Prima degli anni novanta chiamare i soccorsi per un’emergenza sanitaria non era cosa semplice. Bisognava trovare un telefono, conoscere il numero e, per la mancanza di coordinamento, vi era l’incognita di quanti e se sarebbero arrivati.
L’intervento si limitava al trasporto nell’ospedale più vicino, non sempre il più attrezzato per la specifica urgenza. Le ambulanze erano furgoni dotati solo di barella, per questo spesso il trasporto era effettuato da privati che sventolavano un fazzoletto bianco fuori dal finestrino per chiedere la precedenza agli altri automobilisti.
La culla italiana della nuova cultura del soccorso fu la città di Bologna, dove sul finire degli anni sessanta, nacque un Centro di Pronto Intervento Sanitario voluto dal Prof. Vittorio Sabena ed istituito presso il nuovo Ospedale Maggiore. Il servizio, in occasione del disastro di Murazze del 1978, intervenne con successo con il ruolo di coordinamento dei soccorsi sanitari, organizzando lo smistamento dei feriti agli ospedali.

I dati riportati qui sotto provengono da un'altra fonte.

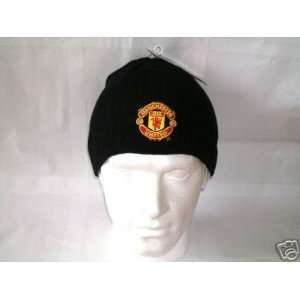  Official Manchester United F.C Black Beanie Hat With Club 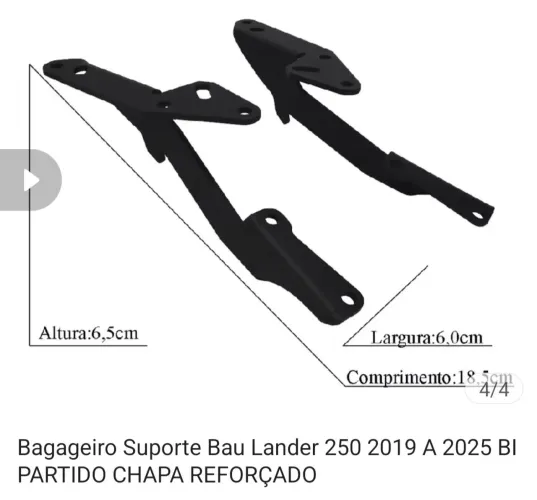 Suporte para Bau Lander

Il CePIS successivamente si strutturò e venne costituito un sistema operativo all’avanguardia, presso l’Ospedale Maggiore di Bologna, composto da più linee telefoniche, un impianto radio in collegamento con le ambulanze e un elaboratore elettronico connesso ai diversi ospedali cittadini con la situazione dei posti letto dei vari reparti.
Nel 1979 la direzione organizzativa del CePIS venne affidata a Marco Vigna, che in collaborazione con la Direzione Sanitaria dell’Ospedale Maggiore diede inizio ad una vera rivoluzione che portò nel 1990, in occasione del Campionato del Mondo di calcio che si giocava in Italia, Bologna ad una ulteriore modernizzazione dell’emergenza sanitaria. Sulla base di un contratto tra l’azienda telefonica Sip e il Ministero della Sanità, venne attivato a Bologna il 118 come numero unico per le emergenze sanitarie.